**Task**
Copy out the entries that follow exactly, leaving out the pictures.

**Data**
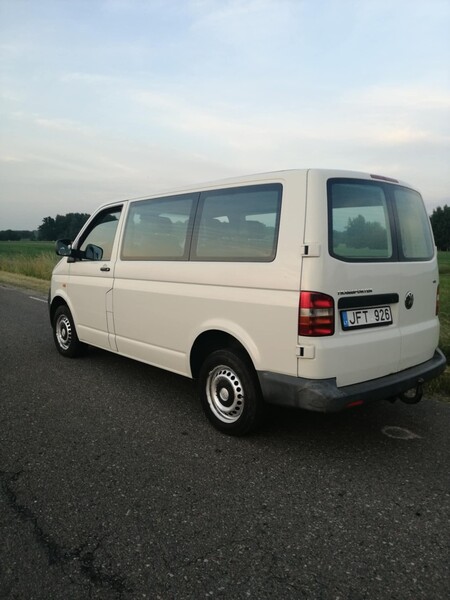 Nuotrauka 5 - Volkswagen Transporter 2005 m Vienatūris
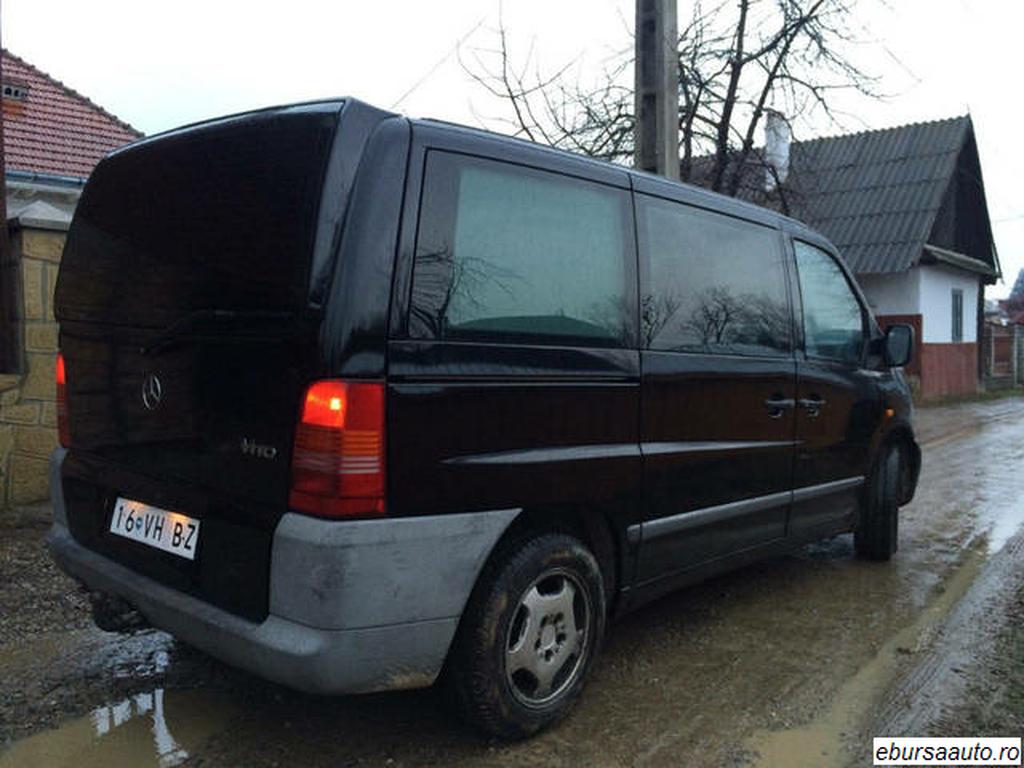 MERCEDES-BENZ VITO 112 CDI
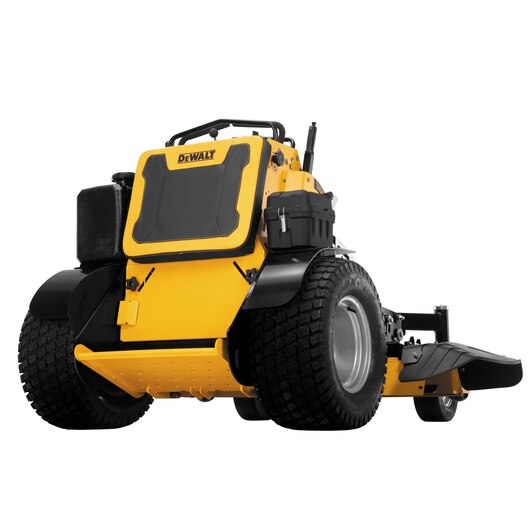 Dewalt best sale lawn mower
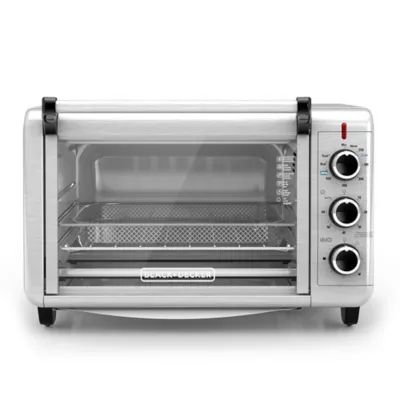 Black & Decker™ Crisp N' Bake Air Fry Toaster Oven | Bed Bath & Beyond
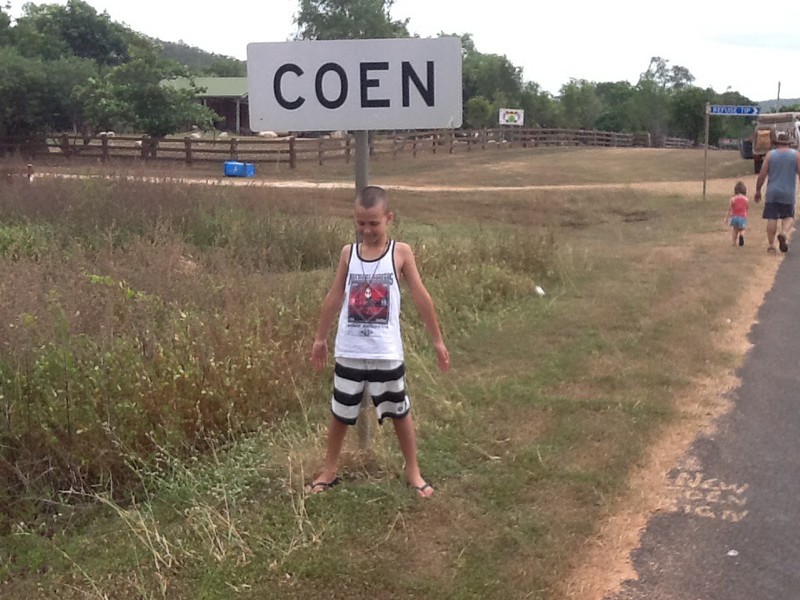 Cohen in Coen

**Problem solution**
 Nuotrauka 5 - Volkswagen Transporter 2005 m Vienatūris
 MERCEDES-BENZ VITO 112 CDI
 Dewalt best sale lawn mower
 Black & Decker™ Crisp N' Bake Air Fry Toaster Oven | Bed Bath & Beyond
 Cohen in Coen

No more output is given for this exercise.